Reuters/Kim Kyung-Hoon
A glass ceiling.
By Jason Karaian
United KingdomPublished Last updated This article is more than 2 years old.

One in five board members at the UK’s 100 largest listed companies are women. This is “impressive” progress, according to a report published today by the British government. The share of female directors has roughly doubled over the past few years, spurred by a 2011 voluntary pledge by companies for women to hold 25% of board seats by 2015.

British officials are keen to avoid a hard quota on female board representation, like there is in Belgium, Iceland, Italy, France, the Netherlands, Norway, and Spain. The EU is also mulling a quota for all 28 member states, calling for women to comprise at least 40% of corporate directors by 2020, in line with most of the countries with quotas already in force.

Although some executives and officials speak out against gender quotas, most claim that they’re not content with the gender-balance status quo. Studies generally show that more diverse boards boost corporate performance.

But while the experience and perspectives that women bring to male-dominated boardrooms is welcome, it’s mostly left to men to translate that advice into day-to-day action as members of the top executive team. It’s striking to note how the rise in female executives lags the rise in female directors. A quarter of non-executive directors at big British companies are women, but only 7% of executive directors, and a mere 4% of chief executives, are female.
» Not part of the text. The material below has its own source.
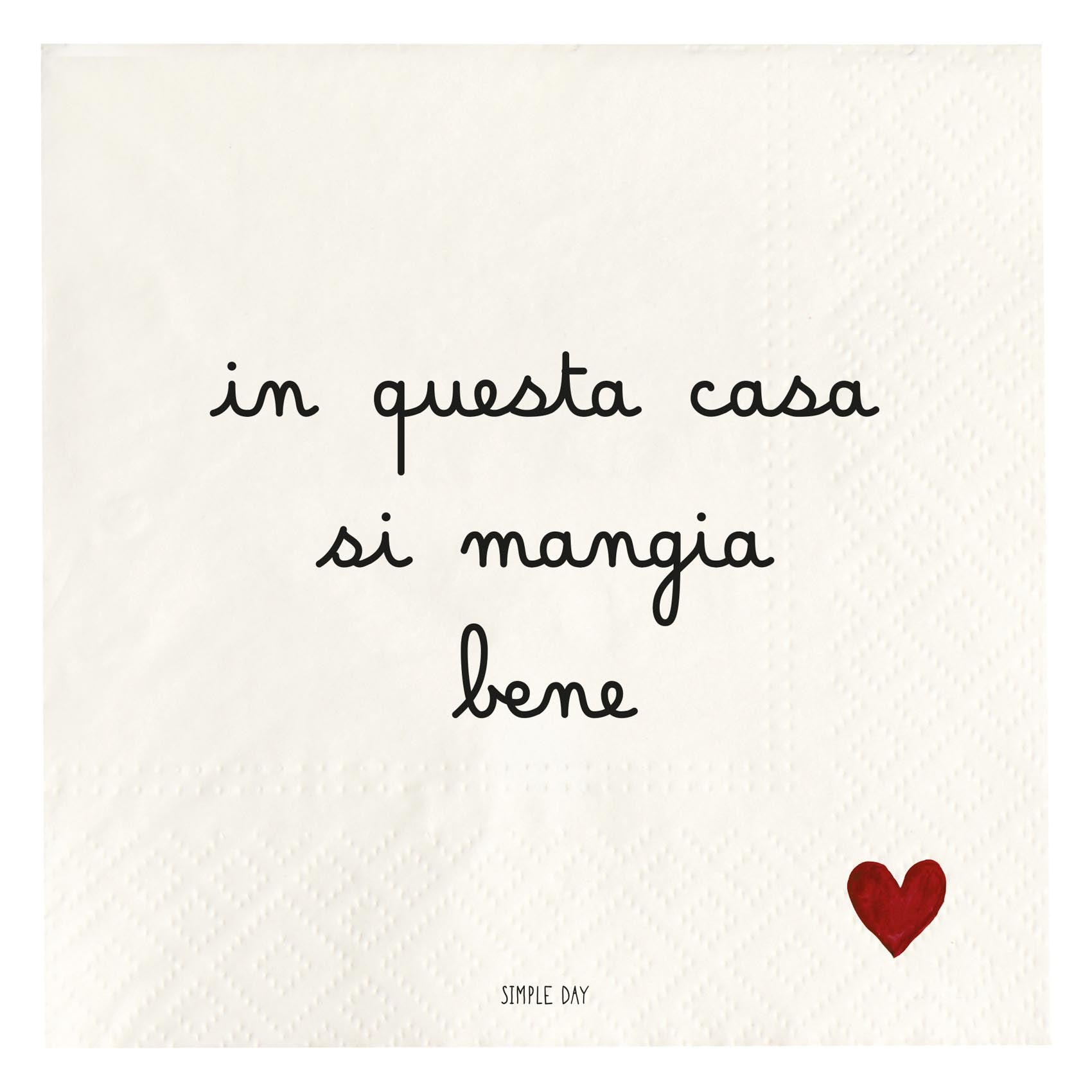 Set 20 tovaglioli in carta In questa casa si mangia bene Simple Day - immagine 2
A similar pattern plays out around the world. Addressing the British numbers, UK business secretary Vince Cable said that “more needs to be done” to boost the ranks of female executives. “These will be the CEOs of tomorrow, and businesses still aren’t tapping into the vast talent pool available to them,” he said.
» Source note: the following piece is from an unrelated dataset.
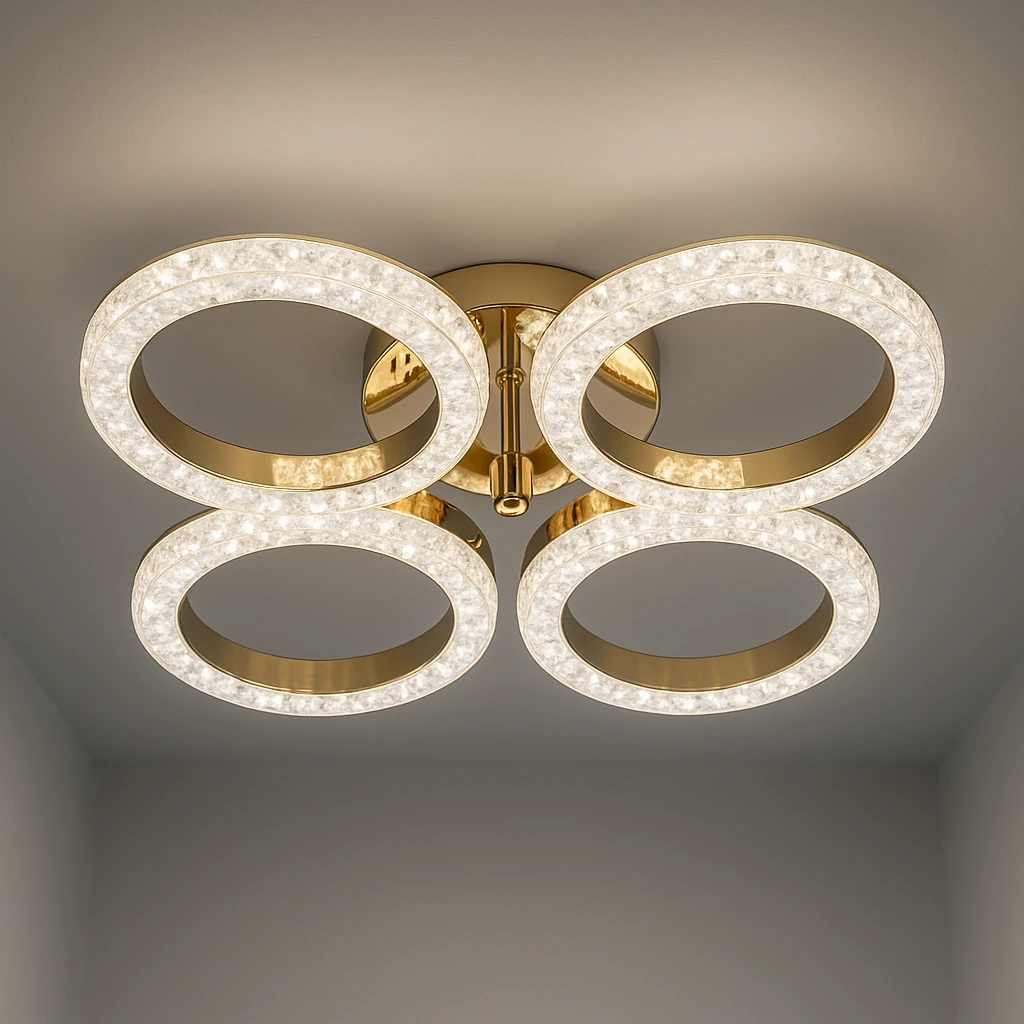 Daire Akrilik 5'Li Plafonyer 3 Renk Tavana Sıfır Led Avize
Fairness isn’t the only reason to heed this advice. Research suggests that companies run by female chief executives are particularly innovative, which could be an incentive for boards to cast the net wider when they consider CEO succession plans.

The UK report notes a “particularly encouraging” relationship between gender diversity on boards and women in executive roles, but the numbers show that this link isn’t particularly strong. There may be more women than ever in the boardroom, but there remain very few female faces in the executive suite.